Collected data
━━━━━━━━━━━━━━━━

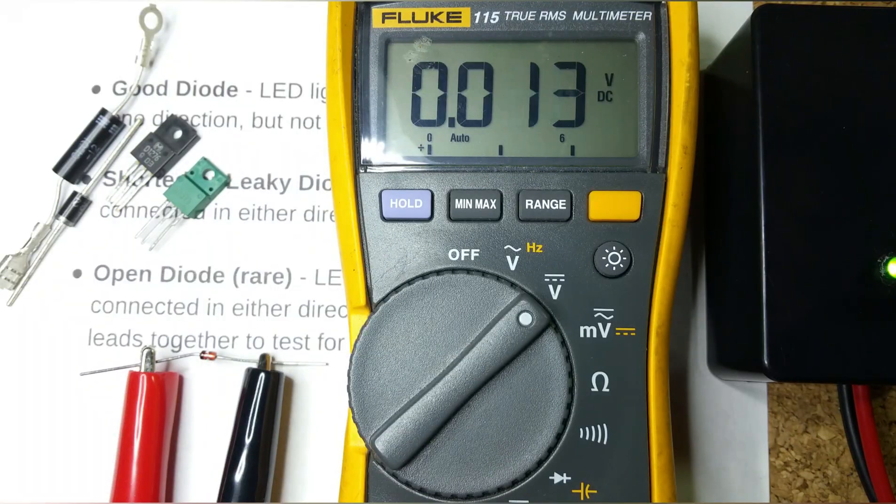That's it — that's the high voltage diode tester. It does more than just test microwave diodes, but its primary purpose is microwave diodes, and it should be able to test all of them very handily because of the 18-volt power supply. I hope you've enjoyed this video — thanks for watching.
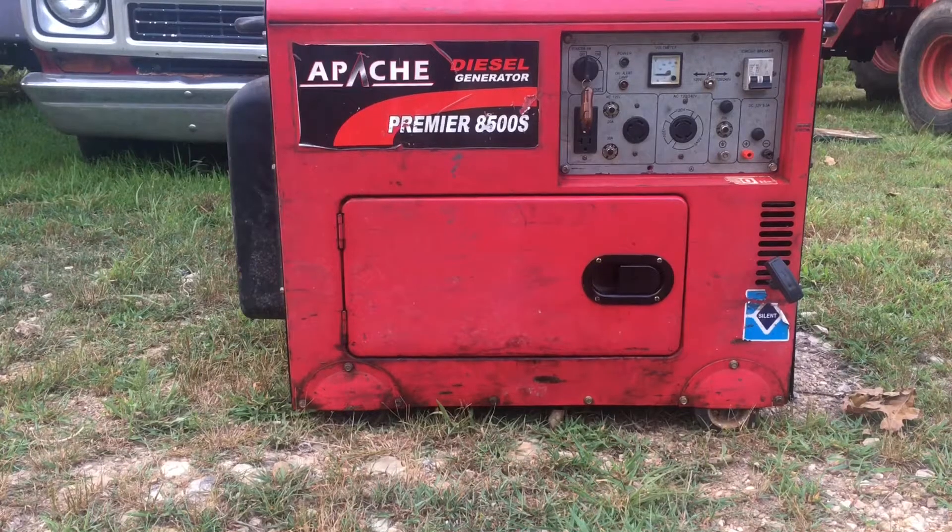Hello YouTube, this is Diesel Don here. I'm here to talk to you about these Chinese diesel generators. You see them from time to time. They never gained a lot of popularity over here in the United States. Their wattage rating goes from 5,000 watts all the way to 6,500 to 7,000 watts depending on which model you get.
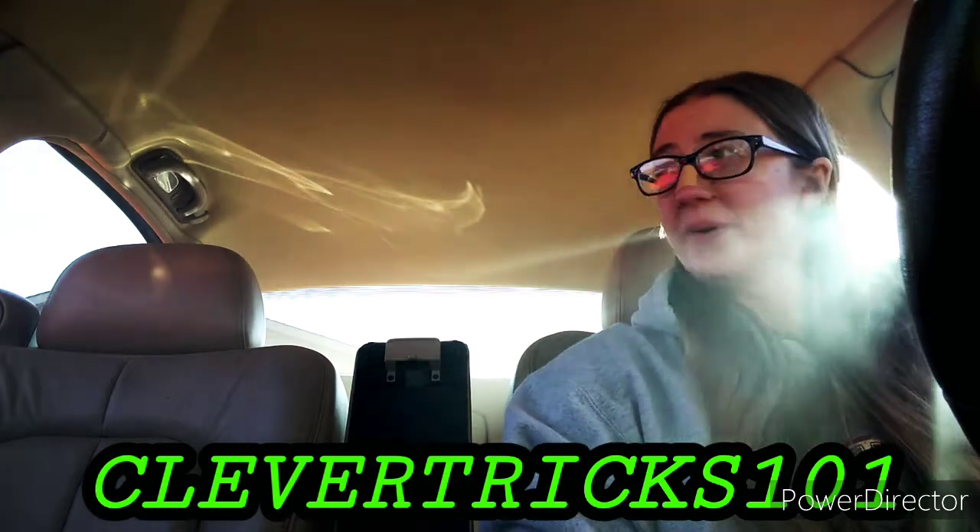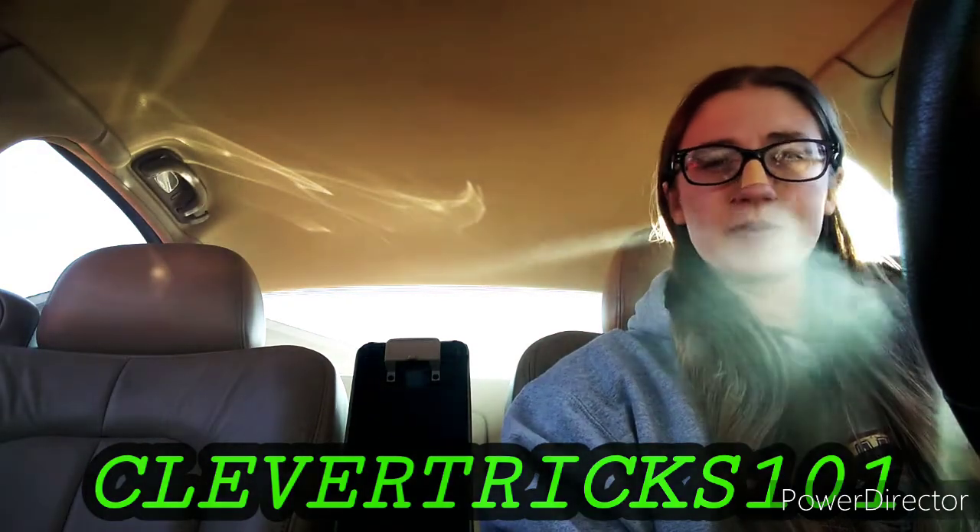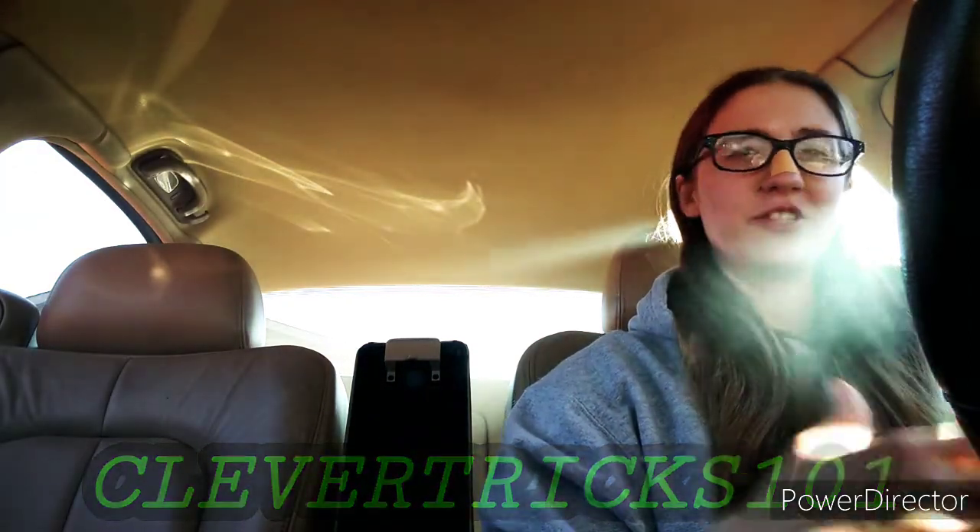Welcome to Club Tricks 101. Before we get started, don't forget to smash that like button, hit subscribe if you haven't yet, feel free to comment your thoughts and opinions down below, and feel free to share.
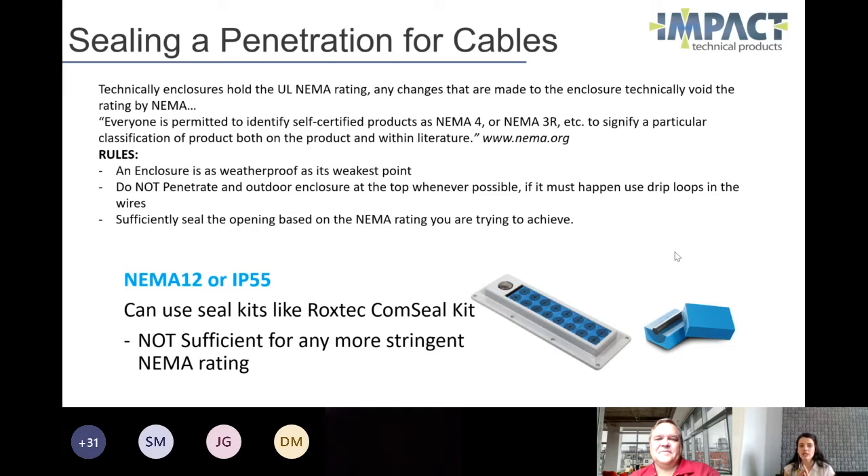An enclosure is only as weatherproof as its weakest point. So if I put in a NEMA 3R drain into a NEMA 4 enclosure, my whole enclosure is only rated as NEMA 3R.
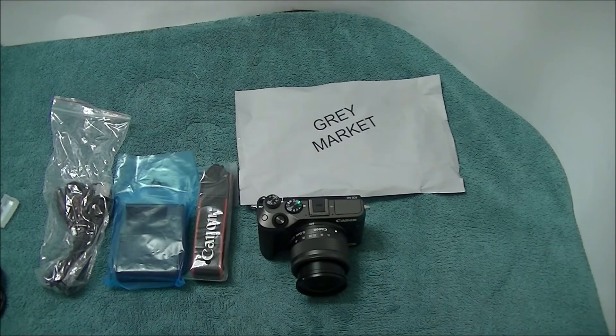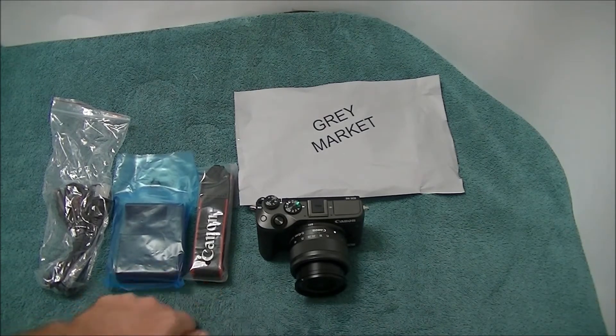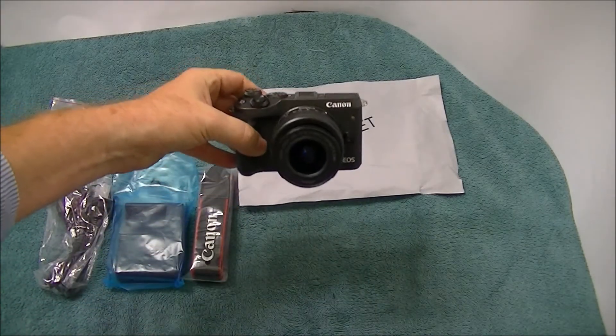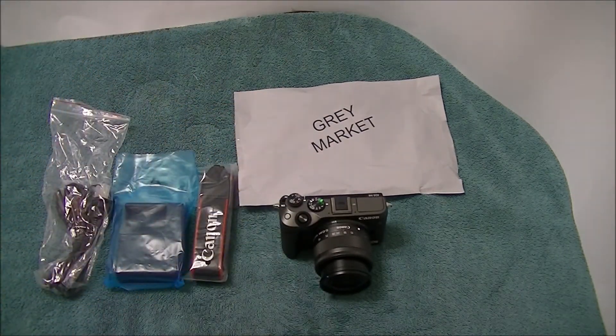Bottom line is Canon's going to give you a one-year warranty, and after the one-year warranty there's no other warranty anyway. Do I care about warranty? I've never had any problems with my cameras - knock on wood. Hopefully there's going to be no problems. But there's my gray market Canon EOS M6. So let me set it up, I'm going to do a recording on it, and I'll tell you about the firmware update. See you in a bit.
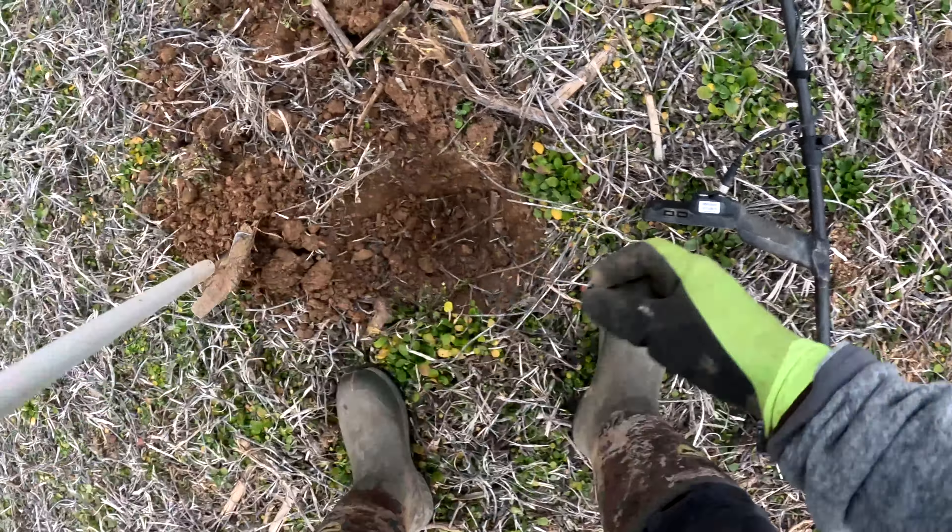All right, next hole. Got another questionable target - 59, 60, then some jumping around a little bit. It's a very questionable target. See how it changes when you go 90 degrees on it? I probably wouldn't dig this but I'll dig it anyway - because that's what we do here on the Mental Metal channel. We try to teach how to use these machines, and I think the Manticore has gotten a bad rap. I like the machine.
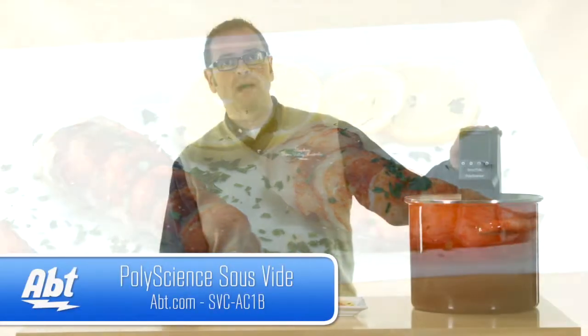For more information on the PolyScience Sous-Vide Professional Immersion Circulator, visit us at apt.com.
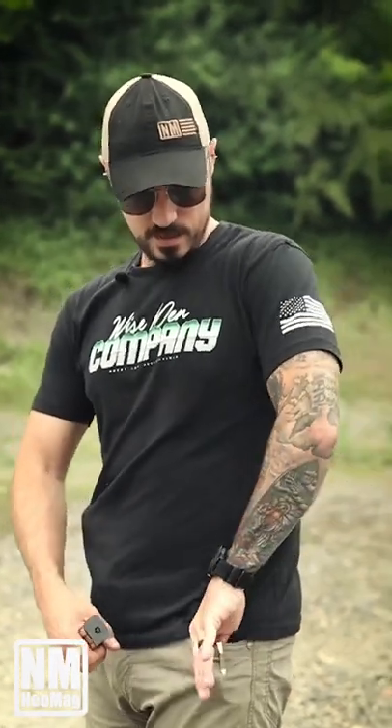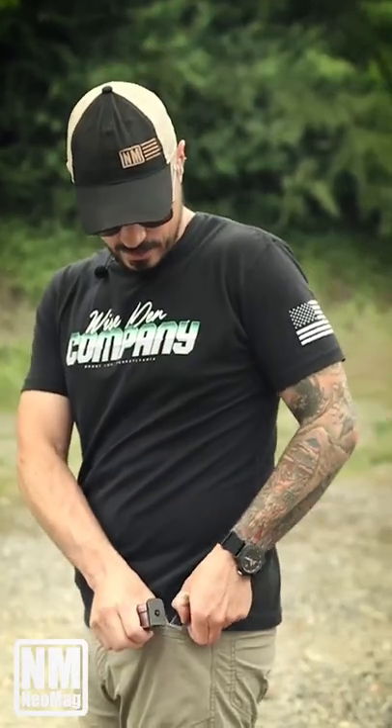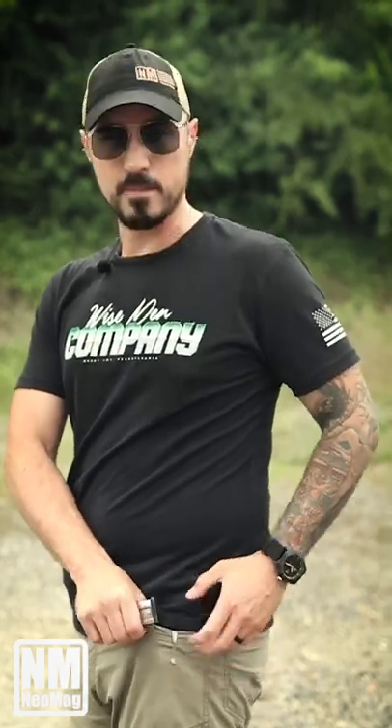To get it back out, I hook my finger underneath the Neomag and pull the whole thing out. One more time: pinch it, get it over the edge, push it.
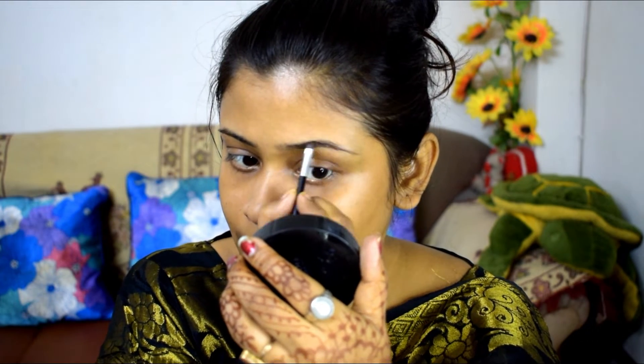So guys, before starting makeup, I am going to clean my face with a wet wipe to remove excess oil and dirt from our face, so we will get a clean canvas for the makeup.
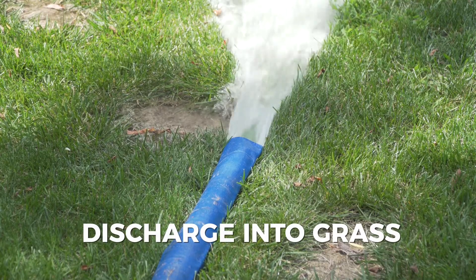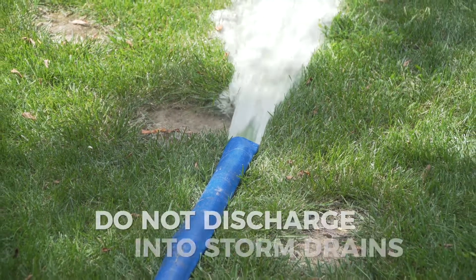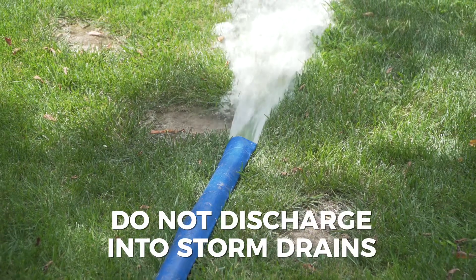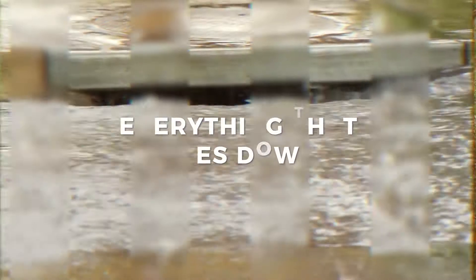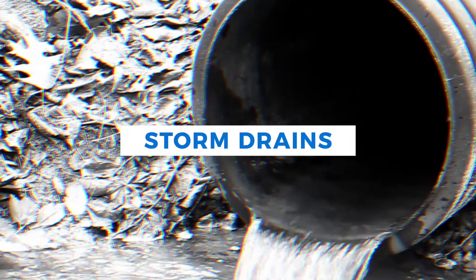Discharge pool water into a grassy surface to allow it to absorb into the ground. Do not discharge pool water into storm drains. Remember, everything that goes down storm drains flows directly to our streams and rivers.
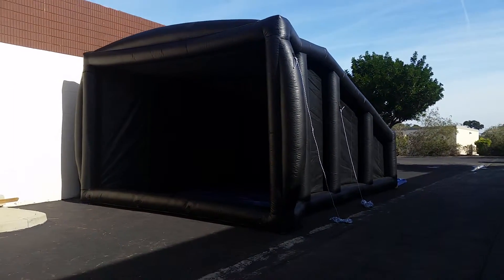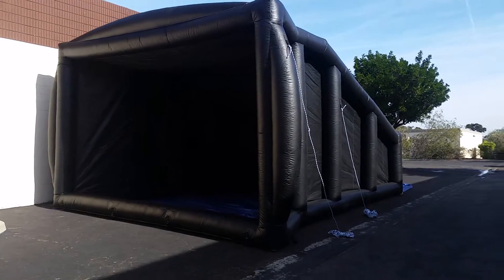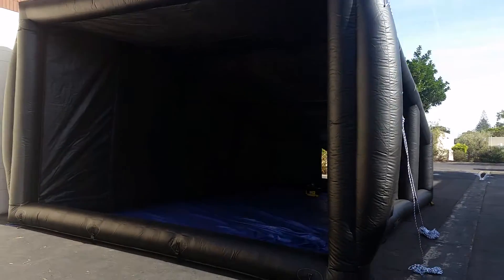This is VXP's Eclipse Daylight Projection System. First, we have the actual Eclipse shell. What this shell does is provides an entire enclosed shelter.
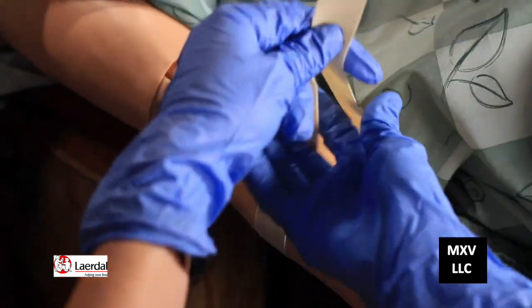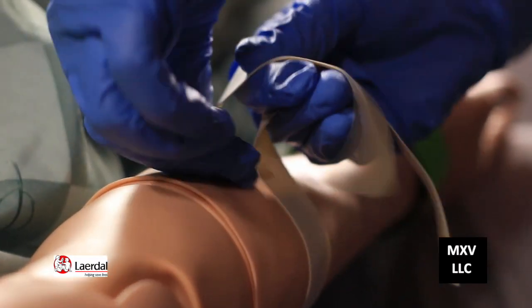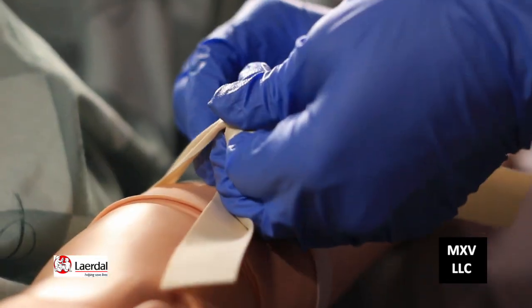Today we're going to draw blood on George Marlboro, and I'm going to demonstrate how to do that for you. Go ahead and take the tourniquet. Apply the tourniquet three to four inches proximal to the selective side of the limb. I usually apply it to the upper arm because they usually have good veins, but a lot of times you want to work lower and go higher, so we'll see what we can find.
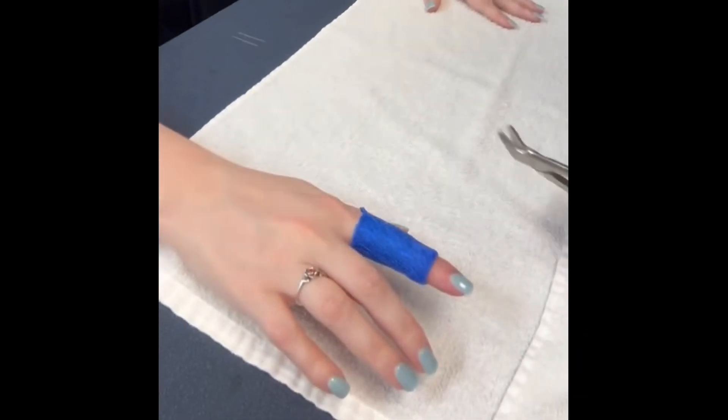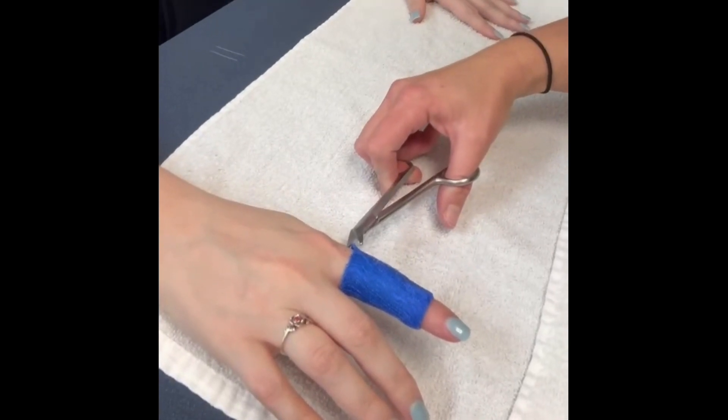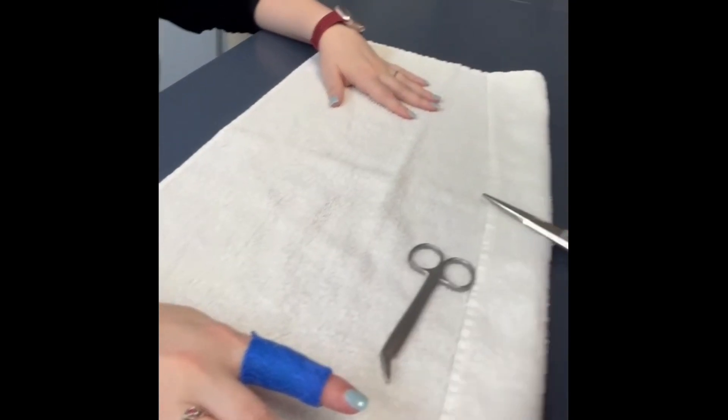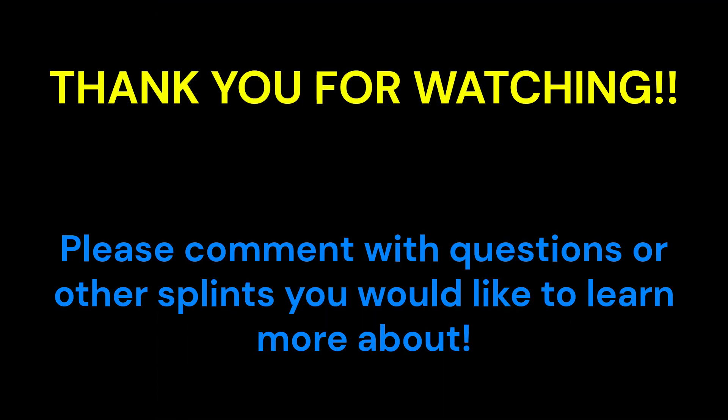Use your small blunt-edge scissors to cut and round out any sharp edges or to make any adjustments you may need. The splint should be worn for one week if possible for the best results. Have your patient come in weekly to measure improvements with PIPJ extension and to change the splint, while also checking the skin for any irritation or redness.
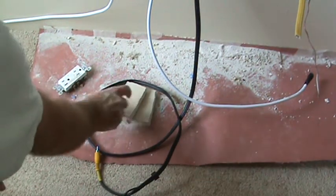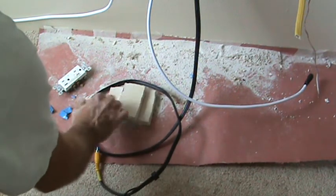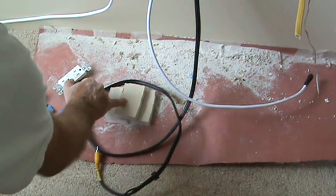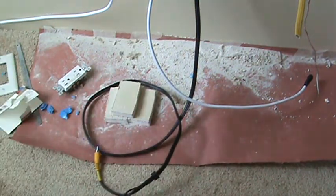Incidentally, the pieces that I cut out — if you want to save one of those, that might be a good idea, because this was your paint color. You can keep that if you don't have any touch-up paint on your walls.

━━━━━━━━━━━━━━━━

### [Exercise prompt]
Transcribe exactly the lines above, beginning at the one with "To get it back" and going up to and including the one with "Today we're going". Pictures do not belong in the copy.

### [Problem solution]
To get it back out, I hook my finger underneath the Neomag and pull the whole thing out. One more time: pinch it, get it over the edge, push it.
So guys, before starting makeup, I am going to clean my face with a wet wipe to remove excess oil and dirt from our face, so we will get a clean canvas for the makeup.
Discharge pool water into a grassy surface to allow it to absorb into the ground. Do not discharge pool water into storm drains. Remember, everything that goes down storm drains flows directly to our streams and rivers.
This is VXP's Eclipse Daylight Projection System. First, we have the actual Eclipse shell. What this shell does is provides an entire enclosed shelter.
Today we're going to draw blood on George Marlboro, and I'm going to demonstrate how to do that for you. Go ahead and take the tourniquet. Apply the tourniquet three to four inches proximal to the selective side of the limb. I usually apply it to the upper arm because they usually have good veins, but a lot of times you want to work lower and go higher, so we'll see what we can find.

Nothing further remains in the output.